> _Work task_:
Each line below from the one containing "LAMBERTS Digestizyme®, 100 cápsulas. LAMBERTS" through the one containing "Jogo Match Pairs Memory Card" should be output exactly as it stands, and no other line should appear.

> _Source records_:
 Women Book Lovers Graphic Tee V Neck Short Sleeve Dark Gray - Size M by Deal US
==
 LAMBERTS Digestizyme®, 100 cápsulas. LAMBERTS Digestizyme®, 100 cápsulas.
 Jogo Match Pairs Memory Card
* * *
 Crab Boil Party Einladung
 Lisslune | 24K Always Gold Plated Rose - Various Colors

> _Response to the task_:
 LAMBERTS Digestizyme®, 100 cápsulas. LAMBERTS Digestizyme®, 100 cápsulas.
 Jogo Match Pairs Memory Card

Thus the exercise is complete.